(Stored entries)
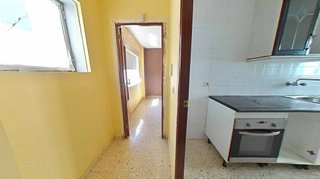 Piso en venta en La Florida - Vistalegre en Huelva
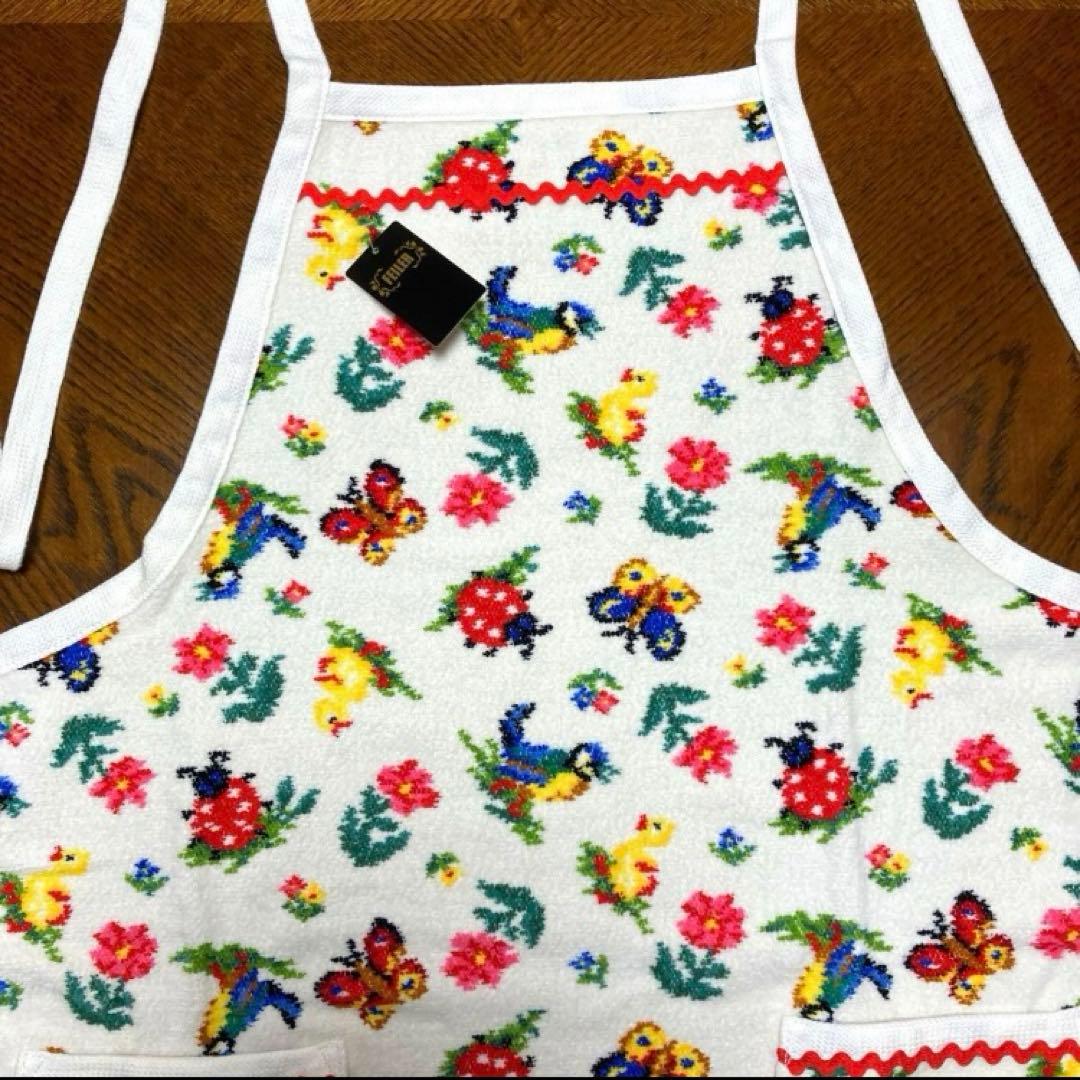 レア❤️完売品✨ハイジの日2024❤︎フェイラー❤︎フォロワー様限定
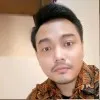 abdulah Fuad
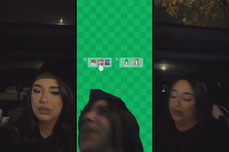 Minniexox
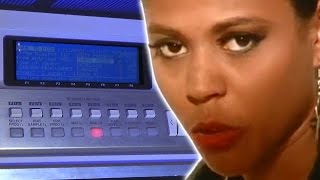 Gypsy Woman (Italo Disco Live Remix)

#### [Exercise details]
What comes back should match the records exactly, minus any pictures.

#### [Answer space]
 Piso en venta en La Florida - Vistalegre en Huelva
 レア❤️完売品✨ハイジの日2024❤︎フェイラー❤︎フォロワー様限定
 abdulah Fuad
 Minniexox
 Gypsy Woman (Italo Disco Live Remix)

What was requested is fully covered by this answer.